Olaylar Ve Görüşler

Doğurganlıktaki Değişim - Mümtaz PEKER

28 Mayıs 2021 Cuma

Bu yazının amacı 2000’li yıllar içinde ülkemiz doğurganlığında oluşan değişimi tartışmak, yeni sorun alanlarından bazı örnekler vermektir.

1969’da kurulan BMNFF (Birleşmiş Milletler Nüfus Faaliyetleri Fonu) bilim kurulu “Çevre ülkelerde ana-çocuk sağlığı ile aile planlaması hizmetlerinin birleştirilerek sunulması halinde, bir sağlık sorunu olan hızlı nüfus artışına karşı ivedi çözüm getirilecektir” hipotezini ileri sürmüştü. Bunun için uygulamalı çalışmalar yapılmasına, hipotezin test edilmesine 1970’li yıllarda başlanmıştı. Bilim kurulu içinde yer alan Prof. Dr. Nusret H. Fişek, hizmetin uçtaki kadınlara yönelik olarak uygulanması halinde başarının artacağını savunmuştu. Proje içeriğinde ülkemizde yapılan Yozgat çalışması bunu doğrulamıştı.

BİLGİLERİ YOK SAYDI

BMNFF ile Yozgat Projesi sonrası ilişkilerini sürdüren ülkemiz, doğurganlığın değişiminde anlamlı başarı sağlamıştı. Kamunun uçlarda sunduğu sağlık hizmeti, sivil toplum kuruluşlarınca sağlanan değişik fonlarla, farklı alanlarda sürdürülmüştü. Çalışmaları destansı bir özveri ile sürdüren sağlık çalışanları ile aileler hep birlikte olmuş, sorunların çözümüne katkı koymuşlardı. 1960’lı yıllarda beşi aşan TDH (toplam doğurganlık hızı) 2000’li yılların başında 2.38’e düşmüştü. Ülkemiz açısından yüksek doğurganlığa bağlı sağlık sorunu dünde kalmış, nüfusun yeni sorun alanı için fikir üretme, hipotez geliştirme zamanımız gelmişti.

Ne var ki siyasal gelişmeler buna fırsat vermemişti. Seçimleri kazanan muhafazakâr-milliyetçi” partinin lideri Başbakan Erdoğan, bu konuda yetkililerden hemen bilgilendirme istemişti. Bilgilendirme toplantısında ülkemizin düşük doğurganlık düzeyine geldiği, 2043-2048 döneminde nüfusun 93-98 milyona ulaşacağı, durağanlaşacağı, bu dönemden sonra yaşlı nüfus ölümlerinin artmasına bağlı olarak nüfusun azalmaya başlayacağı, beşinci döneme geçileceği belirtilmişti. (Şekil 1)

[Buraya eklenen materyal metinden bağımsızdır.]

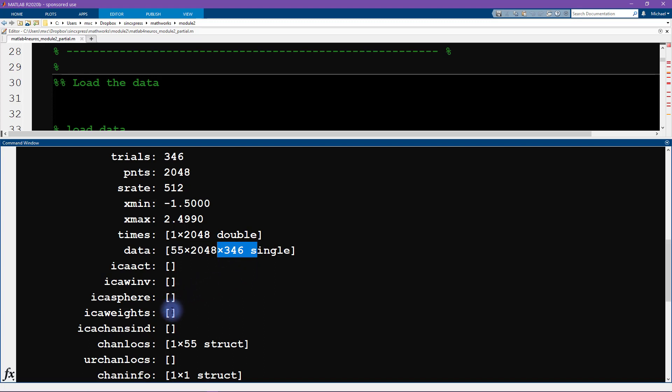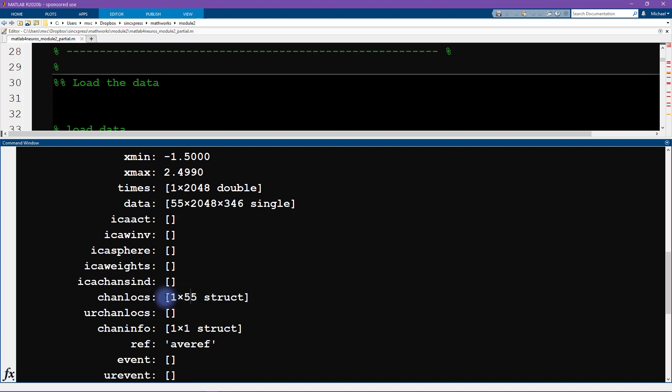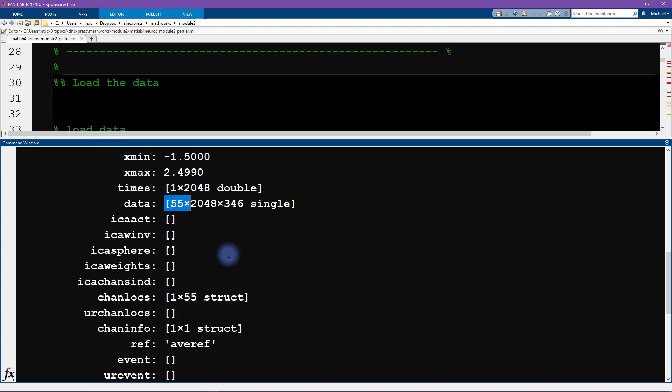Another field in this structure that we will be using quite a bit here is called chanlocs. Locs stands for channel locations. And you can see that this is itself also a structure. It's an array of structures. So there's 55 of these structures. It's a structure embedded inside another structure. And of course, 55 corresponds to the number of channels.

Verilen bilgileri elinin tersiyle iten Başbakan, görüşlerini şöyle açıklamıştı: Türk halkının üremesini istemeyen, kökünü kurutmak isteyenleri biliyoruz. Biz Avrupa ülkeleri gibi yaşlı nüfuslu bir ülke olmak istemiyoruz. Genç nüfuslu bir ülkeyi gerçekleştirmek için kadınlarımızın en az üç çocuk doğurmalarını özendireceğiz. Doğurganlığı bu düzeye getiren sağlık hizmetlerini sonlandıracağız.”

Hızını alamayan Başbakan istediği çocuk sayısını beş, nüfus artış hızını da yüzde iki olarak yeniden belirlemişti. Ne ilginçtir ki son Beş Yıllık Kalkınma Planı’nda bu görüşler desteklenmişti. Destek bununla kalmamış, partidaşları kendisini yalnız bırakmamıştı. Başbakan katıldığı her toplantıda, gittiği her düğünde, televizyonda yaptığı değişik konuşmalarda konuyu sürekli gündeme getirmiş, dilinde neredeyse tüy bitmişti.

NASIL DEĞİŞTİ?

Ülkemizde 1960’lı yıllarda genç yaşta başlayan doğumlar, ileri yaşlara kadar sürüyordu. Bu nedenle anneler, kızları ya da gelinleri ile aynı dönemde doğum yapabiliyorlardı. Sağlık açısından değişik sorunlar oluşturan bu doğurganlık örüntüsünün değiştirilmesi, söz konusu çalışmaların hedefi olmuştu.

Buna göre genç ve ileri yaşlarda doğurganlığı azaltmak, kadının en dayanıklı olduğu 25-34 yaş aralığında istediği, ideal bulduğu çocuklarına sahip olmasını sağlamak, kadının tükenmişliğini sonlandırmak amaçlanmıştı. Bu bilgileri öğrenen, annelerinin doğurganlık tarihçesini gözlemleyen genç kuşağın 2000’li yıllardaki doğurganlığı nasıl değişmişti?

Beşli yaş gruplarına göre bin kadın başına düşen ortalama canlı çocuk sayısı, yaşa özel doğum hızı olarak tanımlanıyor. Bunun 2000’li yıllardaki değişimi Şekil 2’de görülüyor. Genç kuşak sağlık bilimlerince ileri sürülen yukarıdaki üç görüşü bu dönem boyunca gerçekleştirmişti. Örneğin genç ve ileri yaşlardaki doğurganlık düşürülmüş, doğumlar belirlenen yaş aralığında yapılmıştı.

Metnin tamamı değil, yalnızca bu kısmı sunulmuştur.